April’s unemployment numbers are “for the record books,” but may not be particularly meaningful, says Darcy Briggs, senior vice president and portfolio manager with Franklin Templeton Canada.
On Friday, Statistics Canada announced the economy shed just under 2 million jobs in April — a staggering number, but about half of what economists had predicted. The unemployment rate hit 13%, the second-highest rate on record.
While the numbers are cataclysmic, they don’t provide much insight on where the economy is headed, Briggs said.
“It’ll catch people’s attention, because we’ve never seen numbers this big in a month before,” Briggs said, but he added that Franklin Templeton isn’t “attaching a whole lot of importance” to the data.
“We had fully expected ‘cliff economics’ — everything just fell off a cliff in March and April,” Briggs said. “How’s it going to look on the other side?”

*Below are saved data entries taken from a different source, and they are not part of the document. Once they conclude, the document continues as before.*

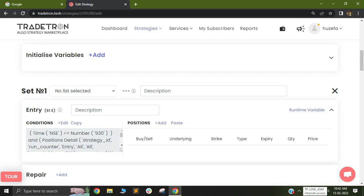In this video, I will cover how we can build conditions based on the spot value but take trades based on futures instruments.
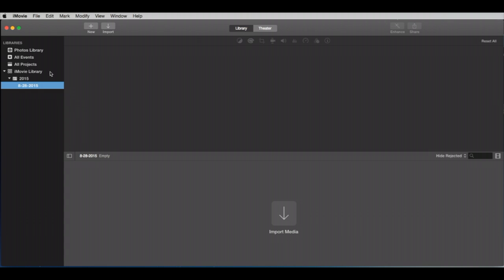I mentioned before that the iMovie library is just the key to the whole nine yards. It is a file, actually a folder, but it looks like a file that contains every bit of your media and your entire project.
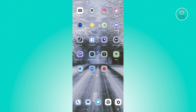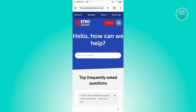The first thing we have to do is confirm if it's actually possible to get our bank statement via the app. So let's go ahead and open up any browser and go to metrobankonline.co.uk.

In positioning portfolios going forward, Briggs said he’d be paying closer attention to the speed at which the economy recovers as provinces gradually lift lockdown restrictions.
“When you restart the economy, what does the restart look like?” Briggs asked. “That’ll have a direct impact in terms of asset valuations and economic activity.”
Briggs said there are “multiple scenarios” for an economic recovery, ranging from a quick, V-shaped recovery, to a lengthy, L-shaped recovery, in which people are so spooked they don’t venture out to support businesses that reopen.
Restarting the economy, Briggs said, “should improve the unemployment rate,” but he added that Friday’s unemployment figures don’t capture everyone who’s out of work, such as those receiving the recently extended emergency wage subsidy.
“There is a scenario where you reengage the economy and then those on the emergency wage benefit aren’t recalled because the demand isn’t there,” Briggs said. “They may be off to the unemployment line because the demand just isn’t back.”
Briggs said Franklin Templeton’s base case is for a gradual economic recovery, but the firm’s projections will “constantly evolve” because there’s no base case to which Covid-19 can be compared.
“There’s really nothing to benchmark this to,” he said. “The last pandemic of any consequence was 100 years ago.”